(Note: This is based on one of the prompts from Robert S. Kaplan’s book What You’re Really Meant to Do.)

Previously I wrote about three things I’d determined I was good at. Now it’s time, though, to turn the coin over and look at three things I’m not that great at. This isn’t about specific things I can learn more about, it’s more about general areas I recognize some deficiency in.

This is always a favorite question of those interviewing a candidate, to ask them to name a weakness. The idea is to see if the prospective new hire has any sense of self-awareness and sense of reality about themselves. It’s the rare individual, after all, who is so perfect it’s not to be believed. So we’re asked what areas we find ourselves lacking in and try to phrase it in a way as to make it sound like we’re trying to be self-effacing or that it’s something we’re working on or apply some other caveat to it.

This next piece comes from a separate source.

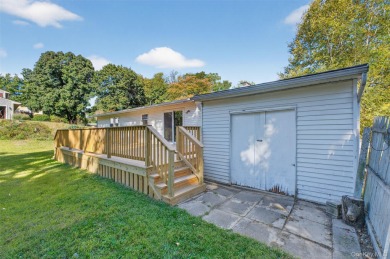 Welcome to this move in ready, beautiful, and  completely on Mc Cann Memorial Golf Course in New York - for sale on GolfHomes.com, golf home, golf lot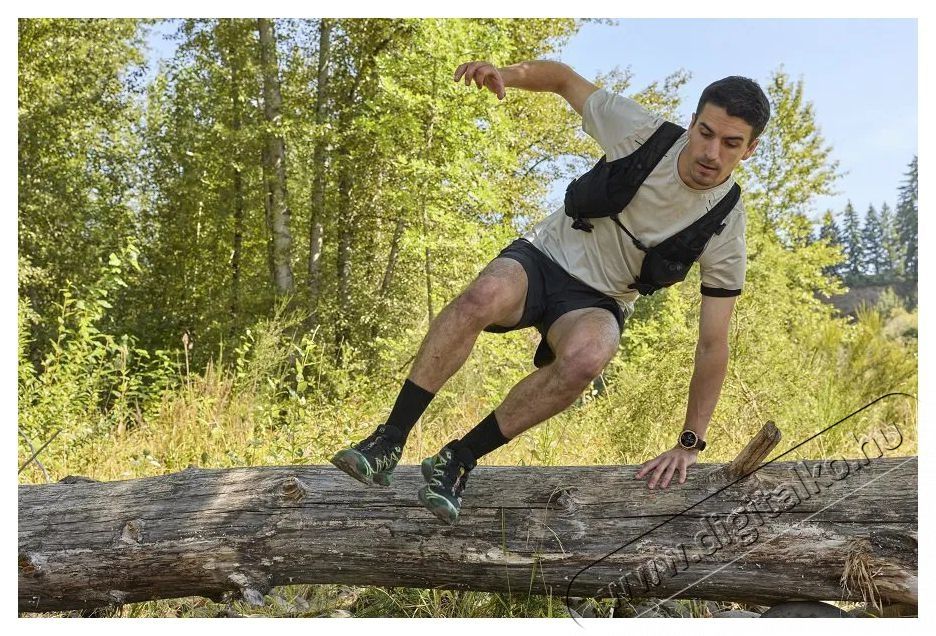 Amazfit T-Rex 3 Pro 48mm okos&oacute;ra Gold Mobil / Kommunik&aacute;ci&oacute; / Smart - Okos eszk&ouml;z - Okos&oacute;ra - 530321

I’ve come at this question at various times from the perspective of areas I realistically know I need to improve in, not necessarily areas where I stink. After putting some thought into how I’ve answered people who have asked me this question and doing some other self-evaluation, here are three areas where I know I’m weak on skills:

  1. Too Informal: I tend not to put too much thought into where people rank and how that needs to change my interactions with them. This is not always useful, though I’ve always positioned it as a positive, proof that I’m a “straight shooter” or something like that. The reality is, though, that I’m overly-blunt and tend to talk to C-level execs in the same loose, friendly manner that I’d speak to someone at my own pay grade. Sometimes that’s come back to bite me in the ass and it’s something I continue to work on.
  2. No Good at Networking: I once heard an introvert described not as someone who doesn’t enjoy being around people but someone for whom small talk is exhausting and difficult. That’s very much me. I’m generally charming and gregarious when talking with someone but I also get tired of conversations after a few minutes unless they’re about something substantive. I also live in perpetual belief that I’m so unremarkable people forget who I am 10 minutes after I walk away. Making a strong impression has never been my strong suit and that’s hurt me in terms of building a network outside of a few steadfast friends.
  3. Not Visually-Minded: Again, this is something that I realize I’m just not great at. I don’t have artistic skills and don’t put much thought into how my own content appears. That’s not to say I can’t recognize good design or artistry when I see it. It just means I’m not the guy you want to call when you’re talking about overall design issues. My time working with the Voce Platforms team taught me a ton along these lines, but I don’t have the skills to implement that myself.

Have you done a serious self-assessment along these lines? What have you discovered – or at least admitted – about yourself?